R/multkw_perm.R

In jacobmaugoust/ULT: Useful Little Things

#' @title Extended Multivariate Kruskal-Wallis test with missing data
#'
#' @description
#' This function computes an "extended" multivariate Kruskal-Wallis test for n numeric variables (which can contain NA's) relative to one factorial variable (that subsets the dataset in groups)
#'
#' @details
#' "Likelihood-based" and "permutation-based" multivariate Kruskal-Wallis tests are computed: in large samples, the distribution of the test statistic approximates that of the khi?, but in smaller samples, a more accurate p-value is obtained by computing an "empirical" distribution of the test statistic by doing a Monte-Carlo sampling with permutations.
#' Firstly, the "multivariate Kruskal-Wallis test with missing data" is computed and are the first half of the outputs; they are the "likelihood-based" test results (see documentation of \code{multkw.m} for more details).
#' Thus, a Monte-Carlo sampling with permutations (by randomly assigning individuals to groups) is computed, and the second half of the outputs are the proportions of results that exceeds the previously observed results (with the likelihood-based test).
#'
#' @author Fanyin He (most of the statistical function)
#' @author Jacob Maugoust (packaging)
#'
#' @seealso
#' See chapter 2.2.2 and 4.2 of the \href{http://d-scholarship.pitt.edu/19411/1/Fanyin_ETD_draft_08-06-2013.pdf}{PhD manuscript of Fanyin He} and 'Methodology' of \insertCite{He.etal.2017;textual}{ULT} for more details.
#'
#' @param group The factorial variable that subsets the dataset in groups. Can be a character vector, a factorial vector or an integer/numeric vector.
#' @param y The dataset of n numeric(or integer) variables.
#' @param r Optional. The missing data pattern to be applied. If dataset has \code{NA} and if the missing data pattern is the distribution of the \code{NA}'s in the dataset, \code{r} is optional and is automatically computed.
#' @param weight Optional. The weighting scheme to be used to compute the final value of the test statistic. As test statistics are calculated for each pattern of missingness, there are as statistics as patterns.
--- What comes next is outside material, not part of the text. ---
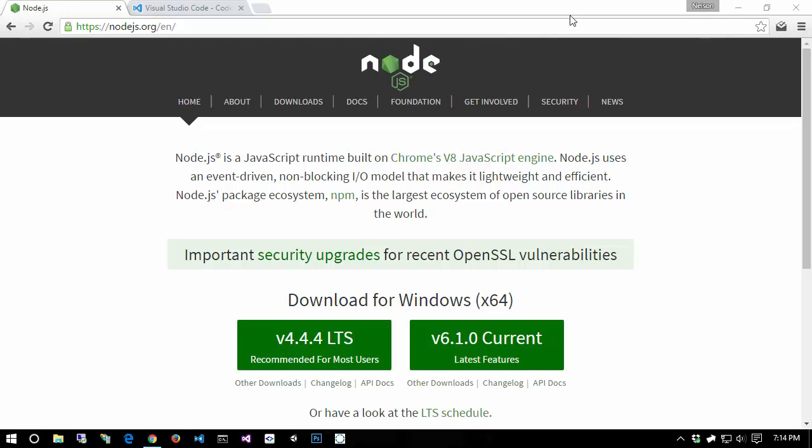To put it simply, node is nothing more than a JavaScript runtime. It allows you to run JavaScript from your command line, from your terminal if you're on Mac OS or Linux, or from your con host if you're on Windows. You can run JavaScript programs on your desktop without a browser. Basically what they did to make node is they took the open source V8 JavaScript engine from Chrome, ripped it out of Chrome, and made it so you can run it without being in a browser.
The final test statistic can thus be the arithmetic mean of each statistic (\code{weight="equal"}) or the ponderated mean of each statistic relative to the proportion of each missing pattern (\code{weight="prop"}).
#' @param nmc Number of Monte-Carlo permutations to do.
#' @param print Whether the test should be printed (\code{TRUE}, the default) or not (e.g., to be stored in an object)
#'
#' @importFrom stats aggregate pchisq
#' @import lattice
#' @importFrom Rdpack reprompt
#' @importFrom Rdpack insert_all_ref
#'
#' @references
#' \insertRef{He.etal.2017}{ULT}
#'
#' @return
#' Returns a list of results of the various multivariate Kruskal-Wallis tests that have been computed.
#' The results are the test statistics (W2), the degrees of freedom (df) and the p-value of the test statistic.
#' These three results are given for (1) a "classical" multivariate Kruskal-Wallis test, i.e. on data without missing values; each test statistic is thus followed by a .c for "complete" and (2) a global multivariate Kruskal-Wallis test that takes into account missing values (see details); each test statistic is thus followed by a .m for "missing".
#'
#' @examples
#' data(airquality)
#' datamkw<-airquality[,1:4]
#' multkw(y=datamkw,airquality$Month)
#' multkw.m(y=datamkw,airquality$Month)
#' multkw.perm(y=datamkw,airquality$Month,nmc=100)
#' multkw.perm(y=datamkw,airquality$Month,nmc=10000)
#'
#' @export

multkw.perm<-function(nmc,group,y,r,weight,print=TRUE){
  group.var.name<-deparse(substitute(group))
  y.var.name<-deparse(substitute(y))
  if(missing(weight)){weight<-"prop"}
  # count missing patterns #
  g.order<-group
  p<-dim(y)[2]
  y.order<-y
  if(missing(r)){
    dim_y<-dim(y)
    r<-matrix(as.numeric(is.na(y)),nrow=dim_y[1],ncol=dim_y[2])
  }
  r.order<-r
  for (i in 1:p){
    oo<-order(r.order[,i])
    g.order<-g.order[oo]
    y.order<-y.order[oo,]
    r.order<-r.order[oo,]
  }
  J<-nrow(unique(r.order,MARGIN=1)) # number of missing patterns
  D<-data.frame(r.order)
  n<-length(group)
  ones<-rep(1,n)
  mc<-aggregate(ones,by=as.list(D),FUN=sum) # counts of each missing pattern
  mi<-mc$x

  W2.m.perm<-rep(0,nmc)
  W2.c.perm<-rep(0,nmc)

  stats0<-invisible(multkw.m(group,y,r,weight,print=FALSE))
  W2.c<-stats0$W2.c
  nu.c<-stats0$nu.c
  p.multkw.c.chi2<-stats0$p.multkw.c.chi2
  W2.m<-stats0$W2.m
  nu.m<-stats0$nu.m
  p.multkw.m.chi2<-stats0$p.multkw.m.chi2
  pattern.number<-stats0$pattern.number

  for (i in 1:nmc){
    i.st<-1
    group.perm<-rep(0,n)
    group.perm<-sample(group,size=n)
    stats<-invisible(multkw.m(group.perm,y,r,weight,print=FALSE))
    W2.c.perm[i]<-stats$W2.c
    W2.m.perm[i]<-stats$W2.m
  }
  p.multkw.m.perm<-sum(W2.m<W2.m.perm)/nmc
  p.multkw.c.perm<-sum(W2.c<W2.c.perm)/nmc
  multkw.perm.results<-list(y=y.var.name,group=group.var.name,weight=weight,nmc=nmc,pattern.number=pattern.number,W2.c=W2.c,nu.c=nu.c,p.multkw.c.chi2=p.multkw.c.chi2,W2.m=W2.m,nu.m=nu.m,p.multkw.m.chi2=p.multkw.m.chi2,p.multkw.c.perm=p.multkw.c.perm,p.multkw.m.perm=p.multkw.m.perm)
  class(multkw.perm.results)<-"multkw.output"
  if(print){print(multkw.perm.results)}
  else{return(multkw.perm.results)}
}